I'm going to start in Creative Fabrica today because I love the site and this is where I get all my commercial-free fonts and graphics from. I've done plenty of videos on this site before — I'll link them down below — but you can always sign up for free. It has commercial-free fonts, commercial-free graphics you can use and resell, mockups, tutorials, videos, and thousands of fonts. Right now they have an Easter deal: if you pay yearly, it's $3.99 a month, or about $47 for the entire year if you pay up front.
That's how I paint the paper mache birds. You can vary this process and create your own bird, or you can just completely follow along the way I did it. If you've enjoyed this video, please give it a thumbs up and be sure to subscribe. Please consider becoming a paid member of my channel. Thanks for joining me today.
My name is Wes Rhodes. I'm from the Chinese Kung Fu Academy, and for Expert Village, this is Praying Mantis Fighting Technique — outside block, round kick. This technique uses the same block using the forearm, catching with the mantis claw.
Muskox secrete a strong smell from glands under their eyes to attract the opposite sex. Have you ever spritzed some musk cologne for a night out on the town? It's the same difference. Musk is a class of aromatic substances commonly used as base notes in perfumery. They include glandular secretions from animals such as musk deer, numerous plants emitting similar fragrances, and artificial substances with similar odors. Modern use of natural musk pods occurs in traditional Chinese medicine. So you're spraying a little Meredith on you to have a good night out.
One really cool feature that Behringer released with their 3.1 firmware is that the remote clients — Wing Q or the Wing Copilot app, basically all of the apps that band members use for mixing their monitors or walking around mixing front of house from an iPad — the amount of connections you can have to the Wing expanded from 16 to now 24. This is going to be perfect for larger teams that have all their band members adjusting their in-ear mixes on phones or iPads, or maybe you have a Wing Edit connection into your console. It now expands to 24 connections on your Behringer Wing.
*****
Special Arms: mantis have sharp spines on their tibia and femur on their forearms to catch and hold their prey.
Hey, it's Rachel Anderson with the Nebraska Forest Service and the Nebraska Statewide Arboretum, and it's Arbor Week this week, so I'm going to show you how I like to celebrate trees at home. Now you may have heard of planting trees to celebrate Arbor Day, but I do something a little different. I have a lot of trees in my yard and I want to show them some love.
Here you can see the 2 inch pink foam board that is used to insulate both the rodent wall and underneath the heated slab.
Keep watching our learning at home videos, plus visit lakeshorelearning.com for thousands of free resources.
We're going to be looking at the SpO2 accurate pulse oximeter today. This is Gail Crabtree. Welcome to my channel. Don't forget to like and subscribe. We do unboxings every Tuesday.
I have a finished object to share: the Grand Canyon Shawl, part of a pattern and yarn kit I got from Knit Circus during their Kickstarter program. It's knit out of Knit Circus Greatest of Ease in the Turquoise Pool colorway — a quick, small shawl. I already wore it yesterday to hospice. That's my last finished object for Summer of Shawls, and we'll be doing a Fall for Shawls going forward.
*****
> [What is expected] Scan the listing above for the line that has "Keep watching our", then copy exactly from that line through the line that has "I have a finished".

> [Your solution]
Keep watching our learning at home videos, plus visit lakeshorelearning.com for thousands of free resources.
We're going to be looking at the SpO2 accurate pulse oximeter today. This is Gail Crabtree. Welcome to my channel. Don't forget to like and subscribe. We do unboxings every Tuesday.
I have a finished object to share: the Grand Canyon Shawl, part of a pattern and yarn kit I got from Knit Circus during their Kickstarter program. It's knit out of Knit Circus Greatest of Ease in the Turquoise Pool colorway — a quick, small shawl. I already wore it yesterday to hospice. That's my last finished object for Summer of Shawls, and we'll be doing a Fall for Shawls going forward.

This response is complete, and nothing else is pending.